= Lovers Cove State Marine Conservation Area and Casino Point State Marine Conservation Area =

Marine protected areas on California's coast

Lovers Cove State Marine Conservation Area and Casino Point State Marine Conservation Area (SMCAs) are two nearby marine protected areas that include offshore, island marine habitat on opposite sides of Avalon Harbor, Catalina Island, off California's south coast. The SMCAs cover 0.06 and 0.01 sqmi respectively. These SMCAs function essentially as dive areas in this popular diving and water sports area. The SMCAs protect marine life by limiting the removal of marine wildlife from within their borders.

==Activities==
Lover's Cove SMCA prohibits take of all living marine resources, except for recreational take by hook-and-line from the Cabrillo Mole or take pursuant to maintenance of artificial structures inside the conservation area per any required federal, state and local permits, or as otherwise authorized by the department.

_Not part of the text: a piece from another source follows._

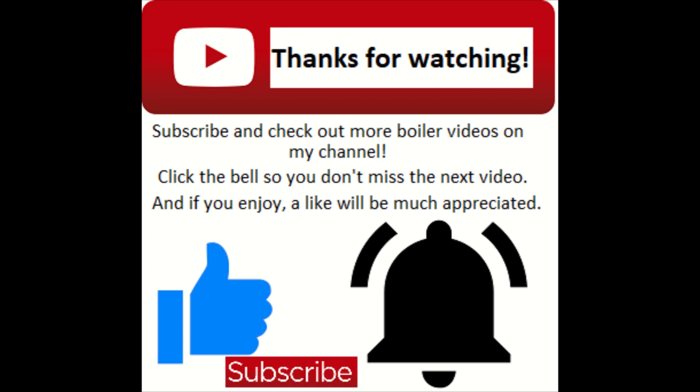That about does it for this episode. If you've enjoyed, don't forget to drop a like. If there's anything you want to see — like how to service a boiler, or a question about a particular boiler, even one I haven't shown yet — leave a comment below and I shall get back to you. Cheers folks, stay safe.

Casino Point SMCA prohibits take of all living marine resources, except for take pursuant to maintenance of artificial structures inside the conservation area per any required federal, state and local permits, or as otherwise authorized by the department. Feeding of fish for marine life viewing is allowed.

==History==
Lover's Cove and Casino Point State Marine Conservation Areas are two of 36 new marine protected areas adopted by the California Fish and Game Commission in December 2010 during the third phase of the Marine Life Protection Act Initiative. The MLPAI is a collaborative public process to create a statewide network of protected areas along California's coastline.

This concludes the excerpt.